Kishio Suga is one of Japan’s most celebrated artists, whose diverse and influential practice spans site-specific installation, assemblage, and performance. 

His career began in 1968, when he started making ephemeral installations out of natural and industrial materials such as wood, metal, wire, and concrete. He quickly gained recognition for works such as Parallel Strata (1969), a rectangular enclosure constructed out of slabs of paraffin wax. By introducing an incongruous yet defined structure of raw material into the gallery space, he sought to reveal the reality of mono (things/materials), and the jōkyō (situation) that holds them together. With these installations and influential essays such as The Start of Disappearance: As Things Deny Things (1969) and Existence Beyond Condition (1970), Suga was identified as a key theorist within a loose group of like-minded artists that later came to be known as Mono-ha ( School of Things). Though short-lived, this movement was a major turning point in postwar Japanese art history, echoing the concurrent development of Land Art, Arte Povera, and Supports/Surfaces in the United States and Europe, yet rooted in a specifically Japanese intellectual and cultural context.
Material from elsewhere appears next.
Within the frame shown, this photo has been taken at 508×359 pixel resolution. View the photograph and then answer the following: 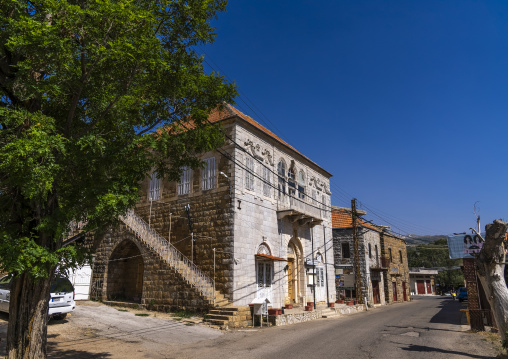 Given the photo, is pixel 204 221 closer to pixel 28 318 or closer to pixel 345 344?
pixel 345 344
On the floor in the center of this exhibition is Placement of Stone Entities (1982/2017), an indeterminate arrangement of stone slabs linked by folded strips of black paper. This is the first time Suga has remade this work since its original inception at Tama Art University, Tokyo, in 1982. Typically he discards his installations at the close of each show and remakes them in accordance with the scale and character of a new site. In tandem with his installation practice, Suga has also made assemblages out of wood, metal, paint, mesh, stone, paper, and innumerable other materials. This exhibition provides a compact survey of this activity, ranging from small-scale reliefs made in the 1970s to his most recent large-scale constructions.